[Date Prev][Date Next][Thread Prev][Thread Next][Date Index][Thread Index]
Re: [HTCondor-users] CGROUPS + OOM / HOLD on exit
- Date: Wed, 31 Jul 2013 12:02:04 -0500
- From: Todd Tannenbaum <tannenba@xxxxxxxxxxx>
- Subject: Re: [HTCondor-users] CGROUPS + OOM / HOLD on exit
On 7/30/2013 2:51 PM, Todd Tannenbaum wrote:
On 7/30/2013 1:01 PM, Brian Bockelman wrote:
I think I have figured out why you're hitting this and not us locally.
The cgroup API generates a notification whenever the OOM occurs *or*
the cgroup is removed. Locally, we pre-create all the possible cgroups
(older RHEL kernels would crash if the cgroups were not pre-created;
since fixed) which causes the cgroup to not be deleted by condor.

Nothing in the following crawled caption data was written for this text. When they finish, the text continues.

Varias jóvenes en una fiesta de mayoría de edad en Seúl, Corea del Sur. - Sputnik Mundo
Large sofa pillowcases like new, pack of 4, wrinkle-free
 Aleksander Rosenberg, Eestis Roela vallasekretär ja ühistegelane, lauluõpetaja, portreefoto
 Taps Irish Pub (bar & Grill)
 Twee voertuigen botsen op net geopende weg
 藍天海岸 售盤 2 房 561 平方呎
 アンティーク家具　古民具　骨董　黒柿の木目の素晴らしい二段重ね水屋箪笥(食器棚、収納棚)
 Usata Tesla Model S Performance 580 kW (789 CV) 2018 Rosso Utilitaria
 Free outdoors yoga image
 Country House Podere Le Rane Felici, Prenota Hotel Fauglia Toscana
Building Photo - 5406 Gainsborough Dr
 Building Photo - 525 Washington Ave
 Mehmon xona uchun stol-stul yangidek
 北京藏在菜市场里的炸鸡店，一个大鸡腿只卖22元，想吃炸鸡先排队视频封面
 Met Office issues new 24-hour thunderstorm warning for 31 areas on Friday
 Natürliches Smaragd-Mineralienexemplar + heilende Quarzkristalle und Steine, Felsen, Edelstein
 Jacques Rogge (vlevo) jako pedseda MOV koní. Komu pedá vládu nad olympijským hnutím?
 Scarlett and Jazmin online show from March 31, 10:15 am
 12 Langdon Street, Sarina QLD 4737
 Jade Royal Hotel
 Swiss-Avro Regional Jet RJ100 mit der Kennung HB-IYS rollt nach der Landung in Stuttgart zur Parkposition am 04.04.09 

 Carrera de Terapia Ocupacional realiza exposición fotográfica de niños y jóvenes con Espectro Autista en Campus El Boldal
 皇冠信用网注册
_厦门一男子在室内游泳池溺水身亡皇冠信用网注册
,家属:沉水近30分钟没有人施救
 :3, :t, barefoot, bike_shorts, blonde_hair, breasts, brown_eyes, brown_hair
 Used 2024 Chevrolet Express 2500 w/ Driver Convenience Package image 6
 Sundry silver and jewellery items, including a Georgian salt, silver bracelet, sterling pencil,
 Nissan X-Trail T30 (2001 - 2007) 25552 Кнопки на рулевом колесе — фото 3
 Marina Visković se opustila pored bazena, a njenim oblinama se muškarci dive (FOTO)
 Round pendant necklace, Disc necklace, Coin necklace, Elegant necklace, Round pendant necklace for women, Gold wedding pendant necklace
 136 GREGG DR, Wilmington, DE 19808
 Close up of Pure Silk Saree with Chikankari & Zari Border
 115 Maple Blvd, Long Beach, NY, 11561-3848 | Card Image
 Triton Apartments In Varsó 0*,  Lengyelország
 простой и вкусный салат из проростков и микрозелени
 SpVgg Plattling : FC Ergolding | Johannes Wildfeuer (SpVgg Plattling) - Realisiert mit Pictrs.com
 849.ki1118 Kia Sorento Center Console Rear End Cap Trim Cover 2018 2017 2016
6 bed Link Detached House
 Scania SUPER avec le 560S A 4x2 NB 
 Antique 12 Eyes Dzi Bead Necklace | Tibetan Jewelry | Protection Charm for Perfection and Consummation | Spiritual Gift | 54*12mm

Hence, we never got the notification when the cgroup was removed and
this issue was missed in testing.
I created a ticket for this at
Once we receive a CLA from Joan we will incorporate the patch posted
here into the codebase.
CLA received, patch pushed into the code and will be released starting
with HTCondor v8.0.2.
Joan, thank you so much for your debugging help and the patch to
HTCondor! Folks like yourself are making the software better and better.